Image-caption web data
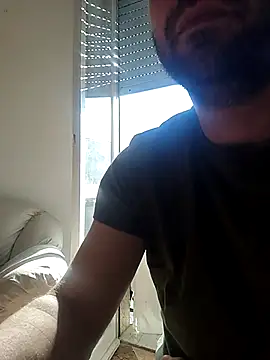 Snapshot of thonyx93 chatting on November 17, 2025, 11:05 am thonyx93 online show from November 17, 2025, 11:05 am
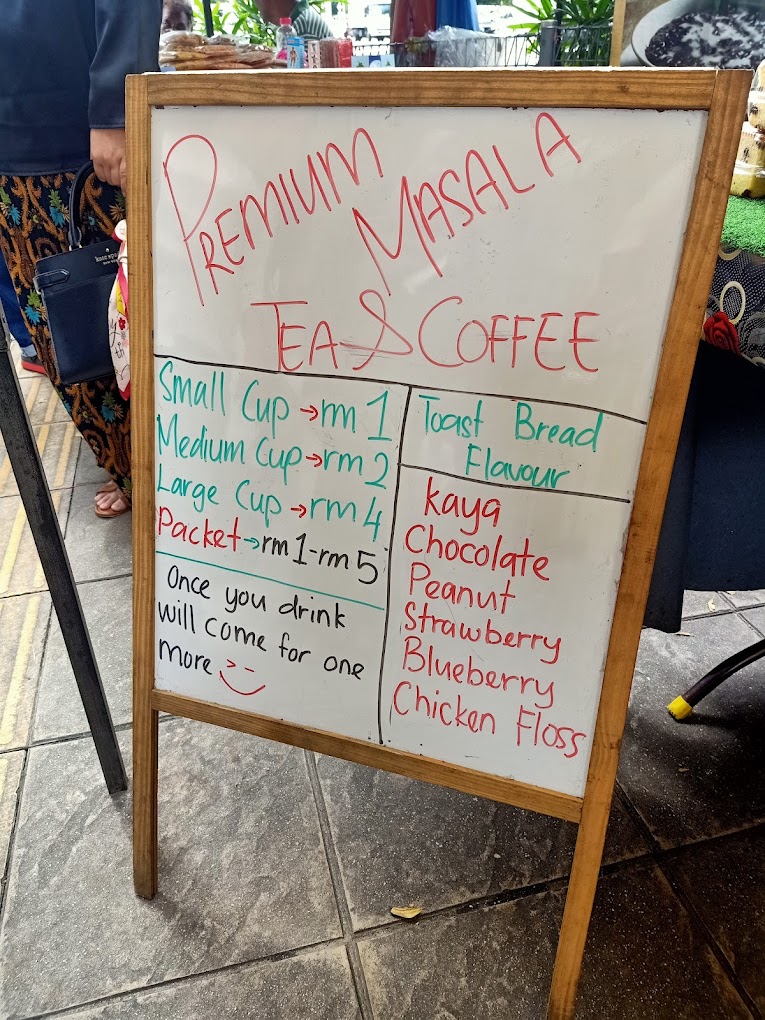 Antara menu pastri yang disediakan oleh Tea Thambi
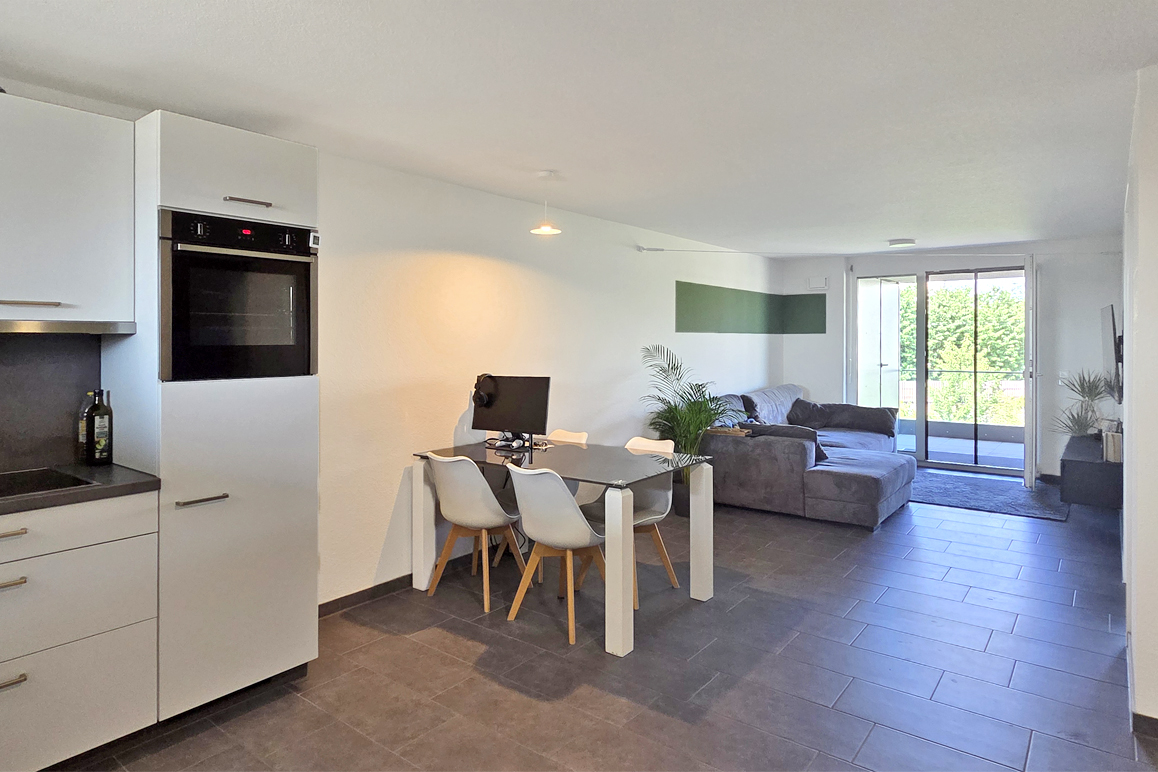 Moderne 2-Zimmer-Wohnung mit Balkon, Einbauküche und Tiefgarage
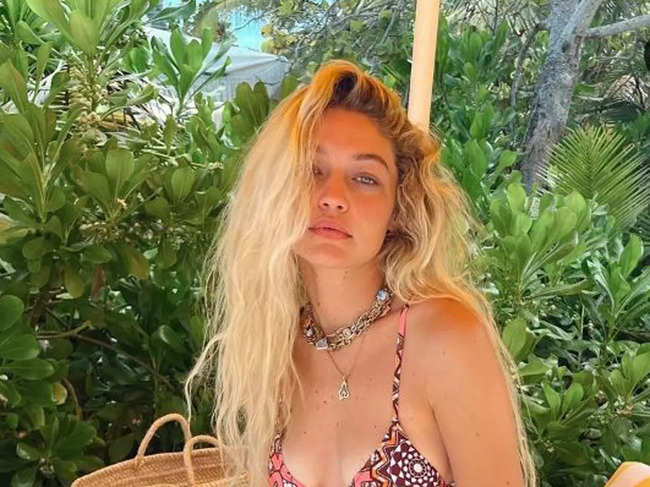 Gigi Hadid and her friends continued their vacation despite her recent run-in with the law.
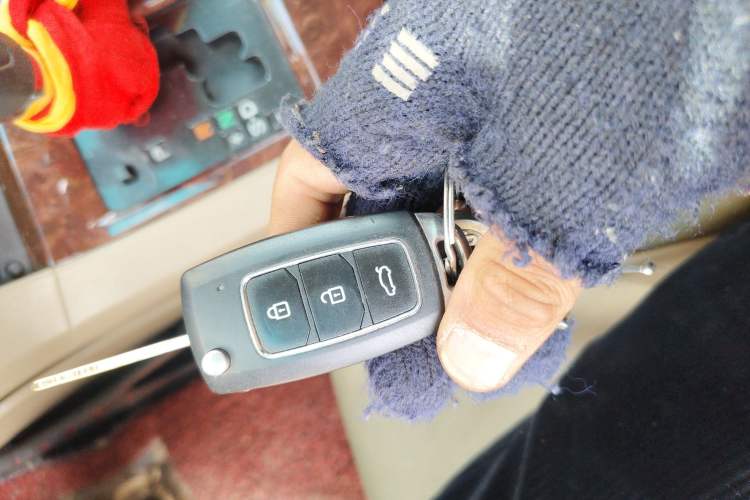 Used Toyota Highlander 2012 2.7L 2WD 5-Seater Elite Edition Vehicle Key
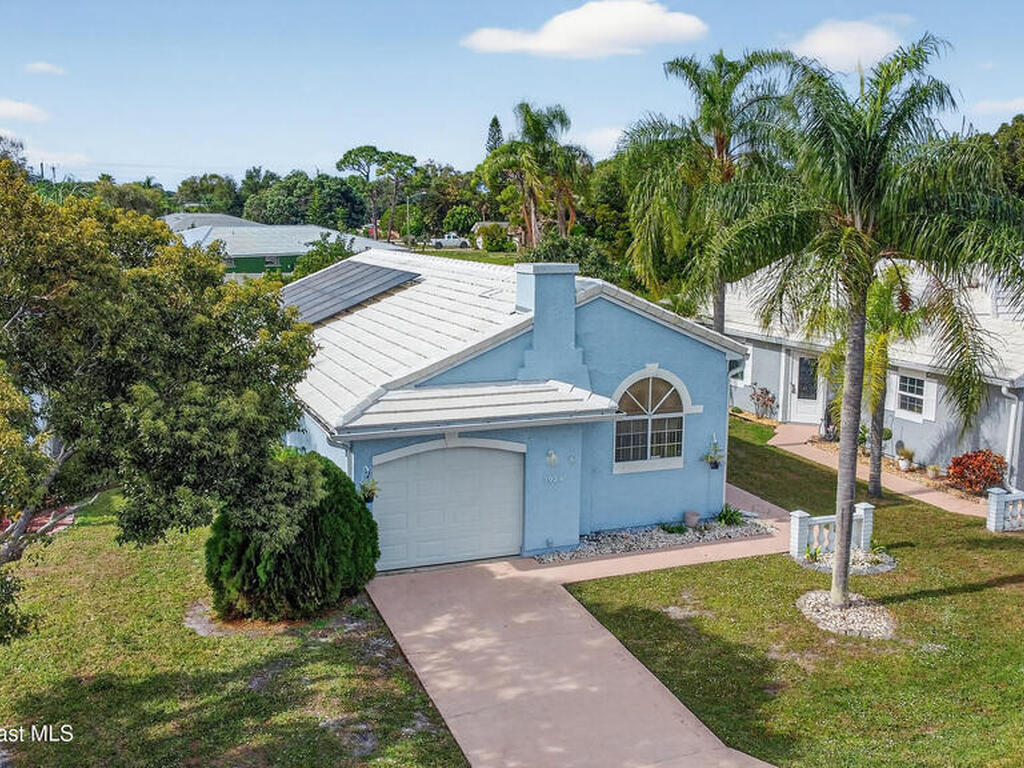 1924 Sugarberry Court, Palm Bay, FL 32905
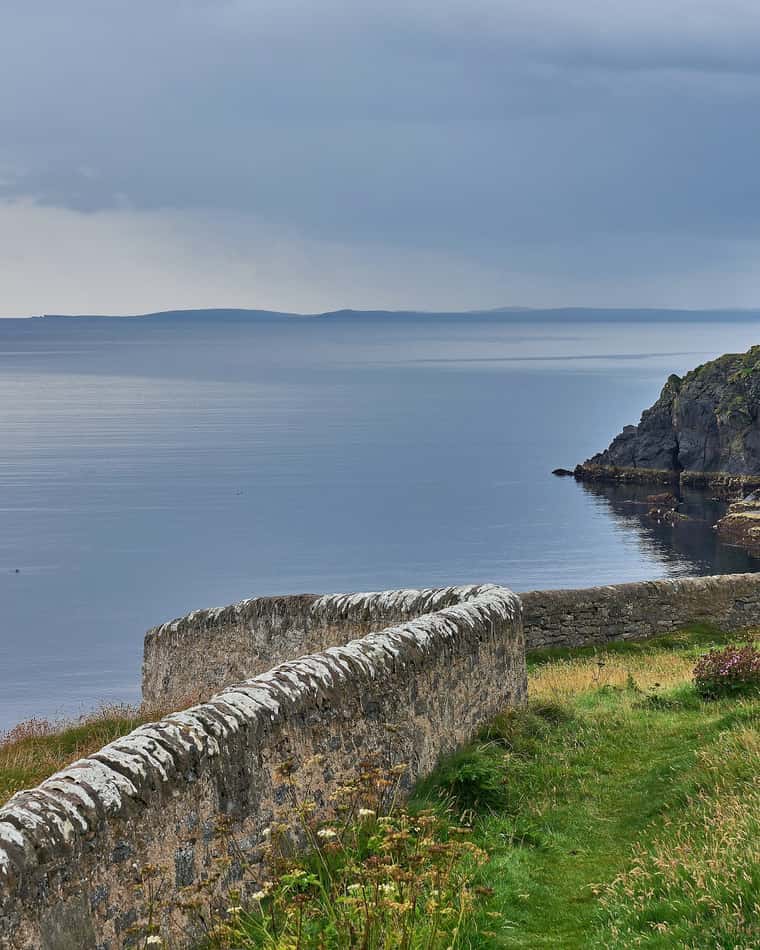 Costa de Shetland amb un mur de pedra seca i el mar al fons
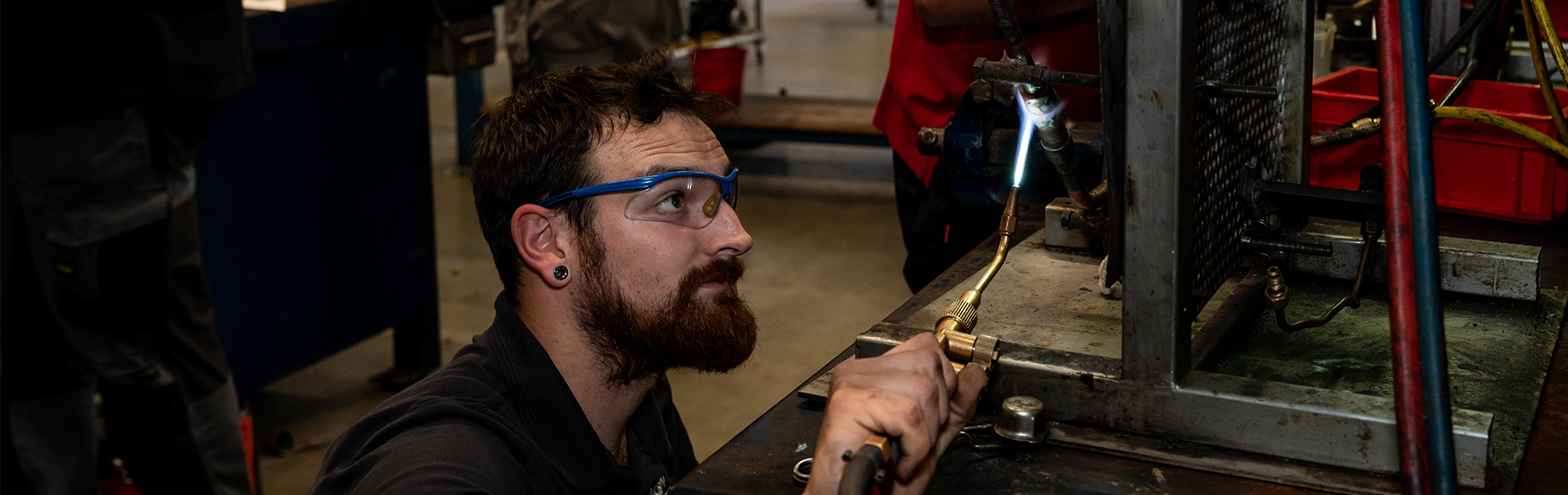 Koude monteur aan het solderen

**What needs to be done**: Omitting all pictures, retype exactly the lines from the line containing "1924 Sugarberry Court, Palm Bay, FL 32905" down to the last line above, both ends included.

**Output of the exercise**:
 1924 Sugarberry Court, Palm Bay, FL 32905
 Costa de Shetland amb un mur de pedra seca i el mar al fons
 Koude monteur aan het solderen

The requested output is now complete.